Credible Trickery.

Martin Richer

 

It is interesting how people react to authoritative sources who confirm their pet beliefs versus authoritative sources who contradict those beliefs. The former is embraced, the latter damned, usually without the slightest actual investigation or scrutiny of what either is saying. This works for both believer and skeptic, of course, and each party can exhibit it in one instance but not another, but I have no trouble declaring that it is grossly more prevalent among the blind belief folks. The scientific method, practiced casually or -ahem -religiously by the skeptical thinker takes him much much closer to a reason-based rather than emotion-based conclusion.

   Some people think it's wrong to hoax ufo reports and photo's, others see it as a neat little unofficial social experiment, hardly stringent enough to qualify as truly 'scientific'. I do these things as an experiment to test a hypothesis derived from an observation, in this case, the observation that a lot of people accept things as true based on the perceived credibility of the source, rather than on any discovered veracity within the thing stated or claimed. I can't state the hypothesis before hand because it taints the experiment obviously, and so, it might seem like a willy-nilly tossing out of a lie. 
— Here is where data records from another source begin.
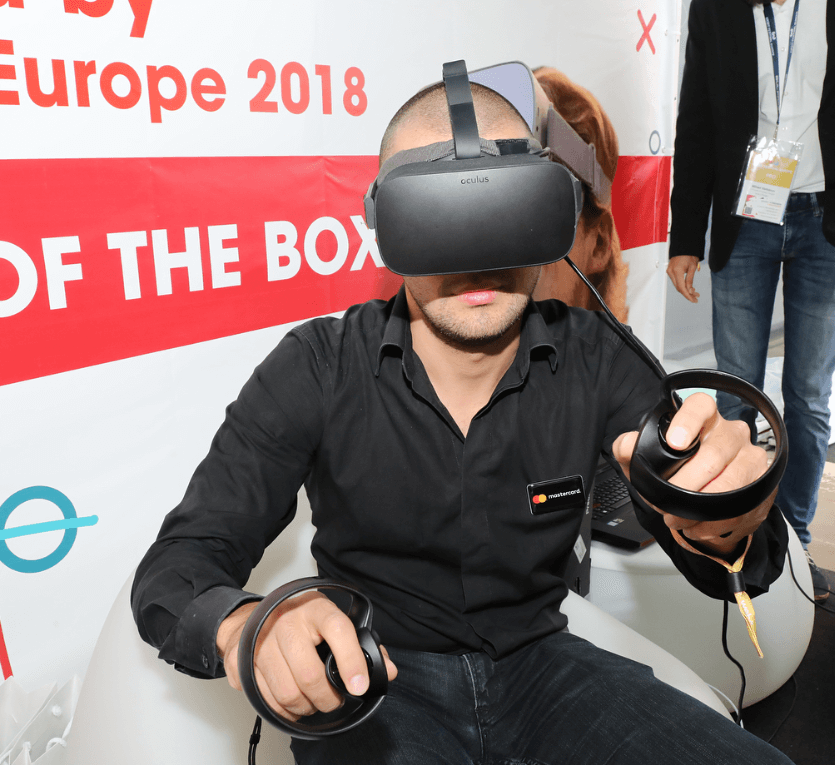 Мъж използва Oculus Rift и контролери за пълноценна виртуална реалност по време на изложение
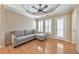 Sitting area with hardwood floors, shuttered windows and a gray couch at 4073 Hickory Fairway Dr, Woodstock, GA 30188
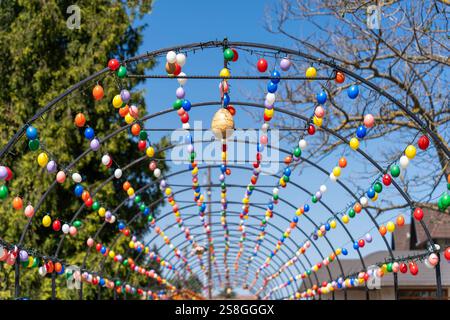 A festive metal archway decorated with strings of colorful Easter eggs, creating a cheerful holiday display under a bright blue sky. Stock Photo
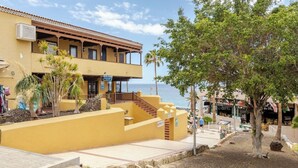 Un edificio amarillo con balcón, un cartel que dice 'Doctor' y vista a la playa.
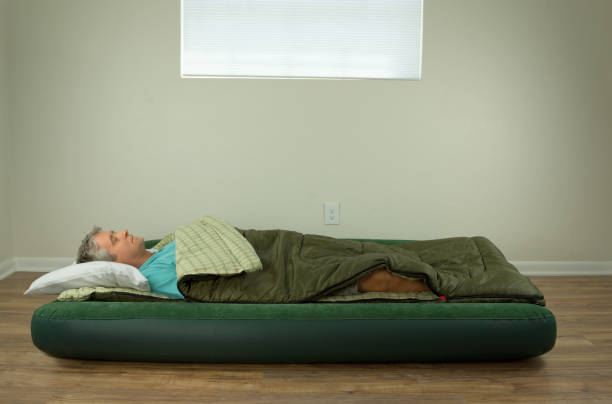 Man comfortably sleeping on blow up air mattress bed in sleeping bag stock photo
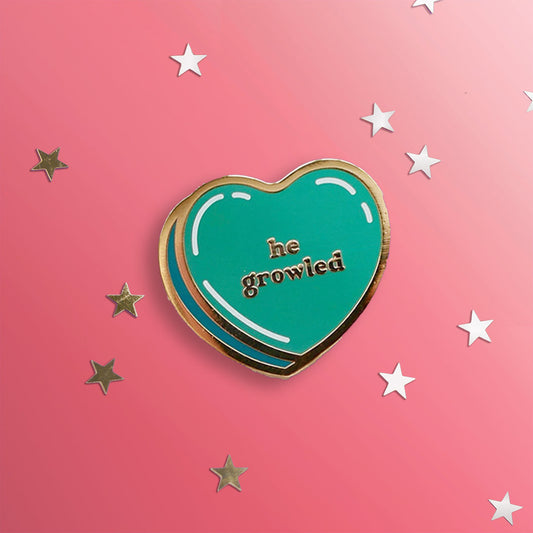 Green heart pin with gold outline: he growled. Shown on a pink background with stars.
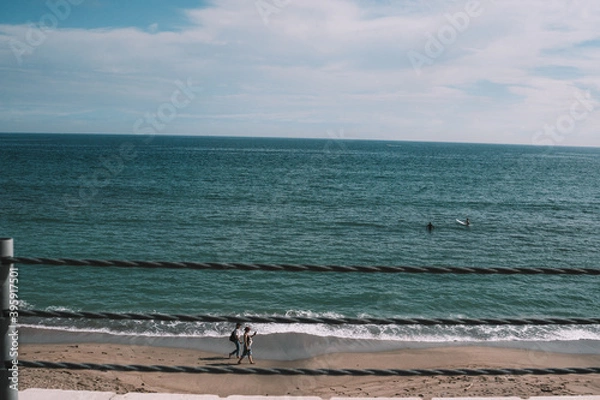 Obraz 海岸にいるサーファー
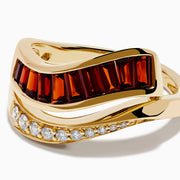 The 14K Yellow Gold Garnet and Diamond Wavy Band features a unique design with one band set with rectangular garnets and the other adorned with round white diamonds.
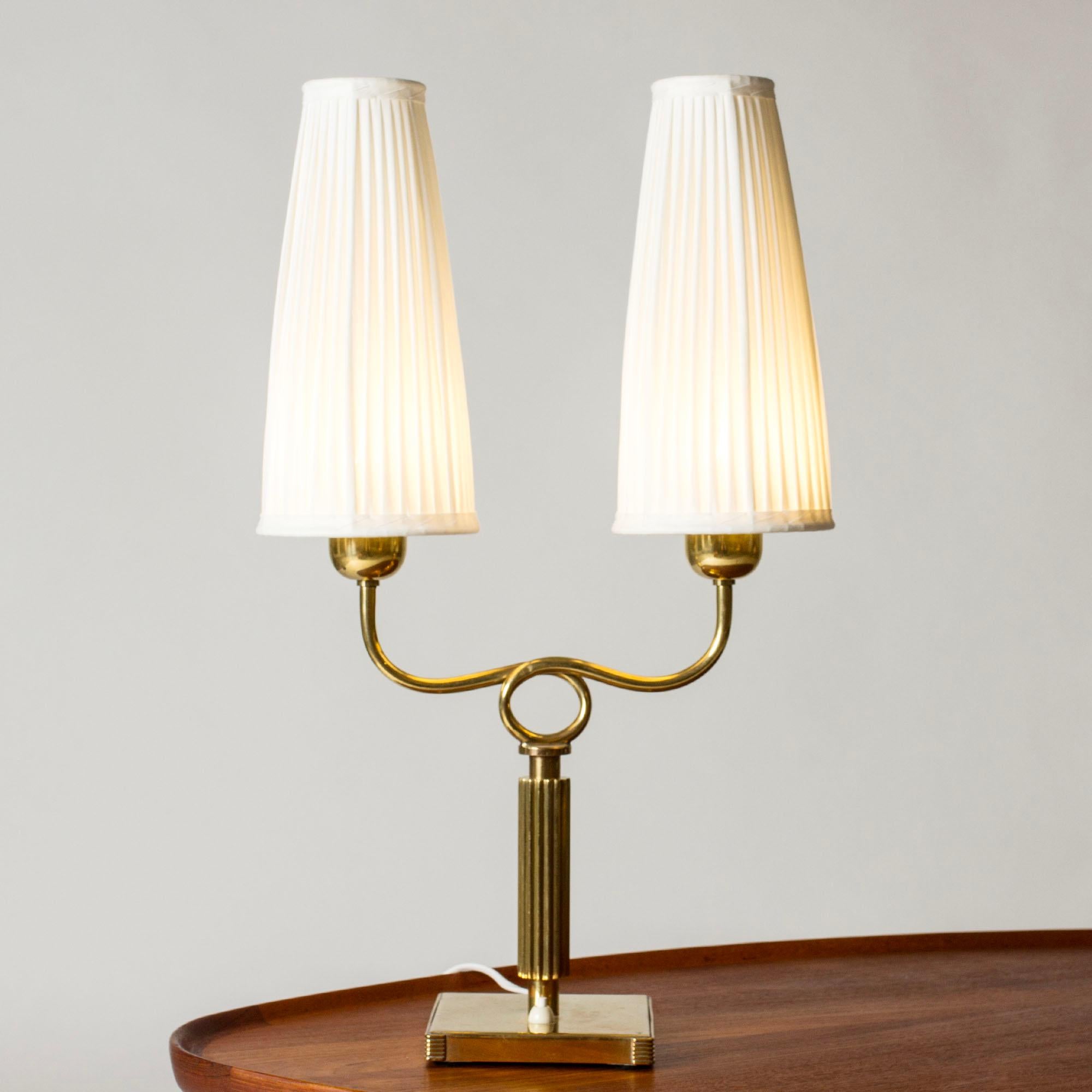 Elegant modernist brass table lamp, with a square base and embossed stripes. Decorative loop detail. Tall, pleated shades.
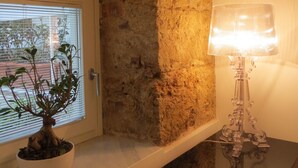Un arco in pietra che dà accesso a una stanza con una pianta in vaso e una lampada da tavolo.
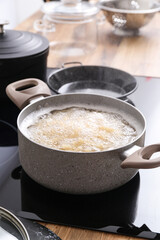 Cooking pot with boiling pasta on stove in kitchen, closeup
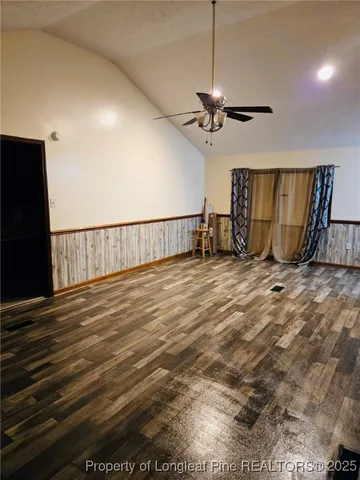 a view of a room with wooden floor and ceiling fan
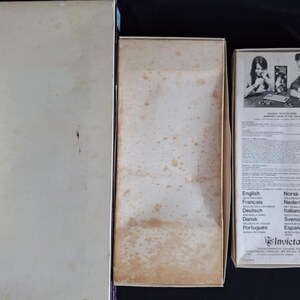 May include: Three vintage game boxes are displayed. The boxes are rectangular and made of cardboard. The boxes are off-white with some discoloration. One box has text in multiple languages, including English, French, and German. The boxes are empty.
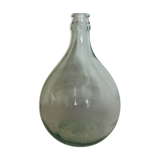 Demijohn in glass with light blue reflection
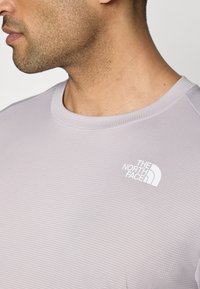 Soehall hall, lühikeste varrukatega heledates toonides särk, millel on tekstuuriga disain ja ümar krae. Rinnal on valge "The North Face" logo.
   This observation is an enormous part of all things UFO and paranormal, such as we see in the trust simply awarded by many believers without question to perceived 'trustworthy' witnesses like police and military pilots, as if anyone working one of these two occupations is somehow immune from dishonesty, error, or hoax. No wonder so much horseshit passes right into ufological canon -anyone who claims a title or degree is lent credibility without scrutiny.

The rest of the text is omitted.